Ik zet koffie, ruim de keuken op, start de afwasmachine. Met de fiets spurt ik om twee broden, daar komen we een paar dagen mee toe. Ik lees en schrijf mails, telefoneer, kortom: ik werk. Iemand noemt me Ilse. Gisteren noemde iemand mij Inge. Boven hoor ik mijn lief vergaderen. Hij lacht hartelijk. Hij zegt: Tell me, how can I help you?

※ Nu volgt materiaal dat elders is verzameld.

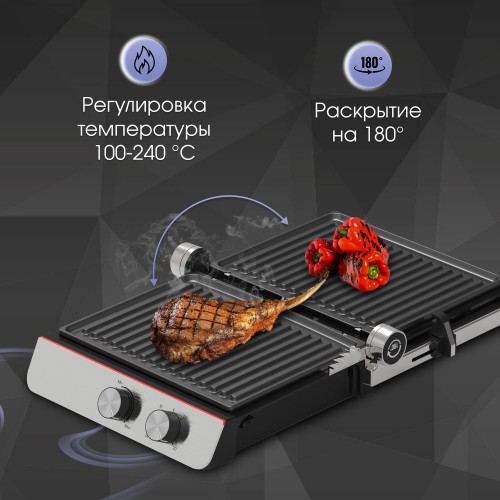 Гриль Zigmund Shtain ZEG-926 (серебристый/черный) 3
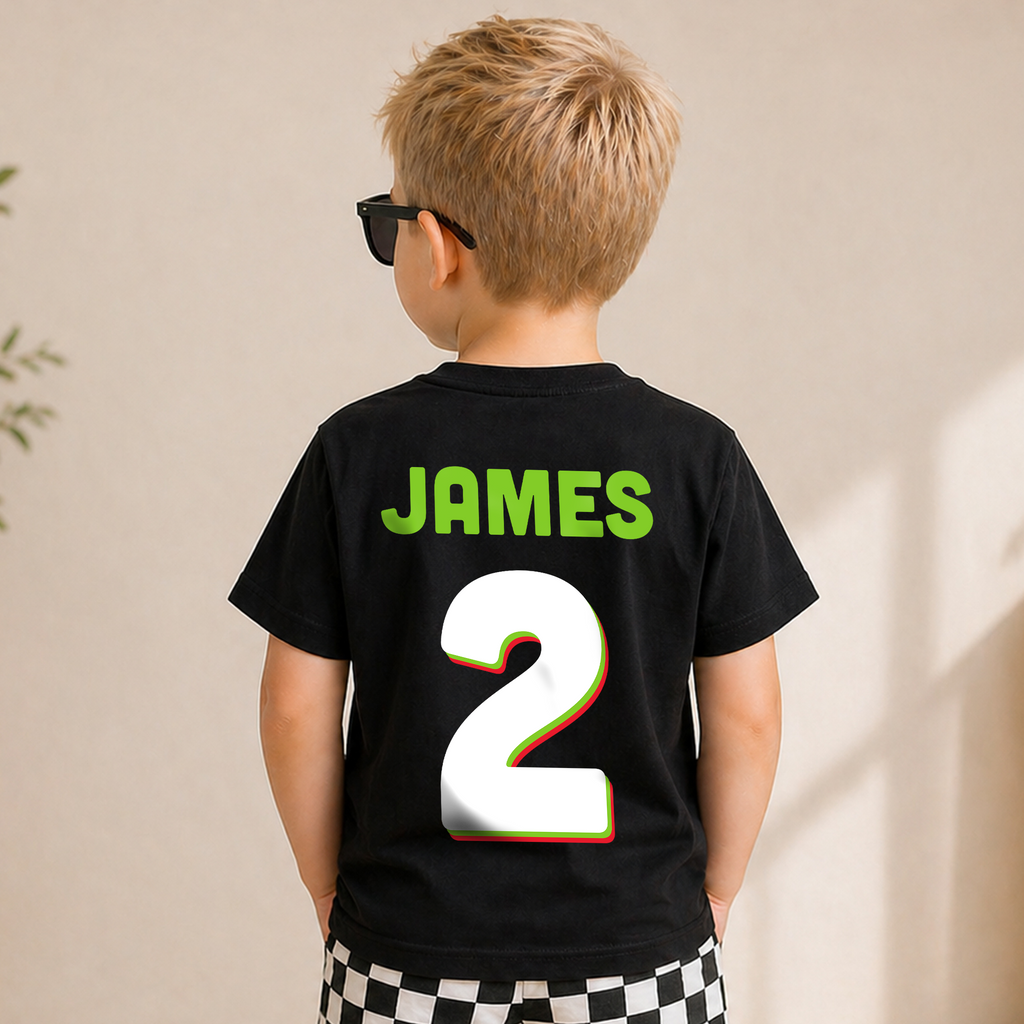 Boys Personalized Chugga Chugga Two Two 2nd Birthday Shirt — product view 6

De wereld wordt kleiner. Een praatje met de buren over de draad. Boodschappen doen en verder binnen blijven. We vangen een verre glimp op van hoe het leven vroeger was, toen dit het tempo en de actieradius was. Ach ja, we kunnen ons vermaken met boeken, films, series, games. We kunnen online naar museums of de dierentuin. Het zegt me allemaal niet veel. Het eeuwig zelfde decor begint te me vervelen, ik wil ergens heen, in het echt. Ik wil naar een andere stad rijden, mensen zien en horen hoe er andere talen en dialecten gesproken worden. Ik wil nieuwe dingen zien, voelen, proeven, ruiken. Achteraf met mijn lief op een terrasje napraten over wat we hebben beleefd en waar we nog naartoe zullen gaan of wat we waar gaan eten. Ik wil de drukte en de opwinding meemaken, het toeteren en razen van auto’s, tegen mensen aan lopen, mijn weg zoeken in een metro die ik niet ken.
Ach.
Mijn lief denkt dat er in de Aveve perkplantjes verkocht worden dus ik ga maar eens kijken. De jongeman die de gebruikte karren ontsmet doet dat met een grondigheid waar zijn moeder trots op zou zijn. Uiteindelijk blijkt het assortiment uiterst beperkt en in de winkel hangt een behoorlijk naargeestige sfeer. Helemaal zoals het bedoeld is in deze tijden vermoed ik. Uiteindelijk moet ik me tevreden stellen met een artisjokplantje en zaad voor prei en ananastomaten. Ik had nog nooit van ananastomaten gehoord, maar het klinkt op de één of andere manier wel lekker. Het zaad van de prei is zwart, wat mijn lief de bedenking ontlokt dat we nu ook echt op zwart zaad zitten. Als ik de moestuin sproei denk ik dat ik twee aarzelende uitjes zie die hun kopje boven de aarde uit steken.
De aarde kruipt onder mijn nagels en maakt de randen zwart. Hoe vaak ik mijn handen ook was in deze tijden, het is moeilijk om ze weer helemaal proper te krijgen. Al een geluk dat mijn huwelijk van 18 april is uitgesteld, want anders had ik er mij om moeten bekommeren. Had ik afspraken moeten maken bij de schoonheidsspecialiste en de kapper. Nu maakt het allemaal weinig uit. Mijn lief vergadert in zijn onderbroek en T-shirt.
Morgen worden glas en papier opgehaald. Mijn lief zet een ongoddelijke hoeveelheid lege wijnflessen buiten, mijn buren zijn bescheidener in hun verbruik. Ook de recyclageparken gaan terug open, men drukt ons op het hart er geen gratuit uitstapje van te maken.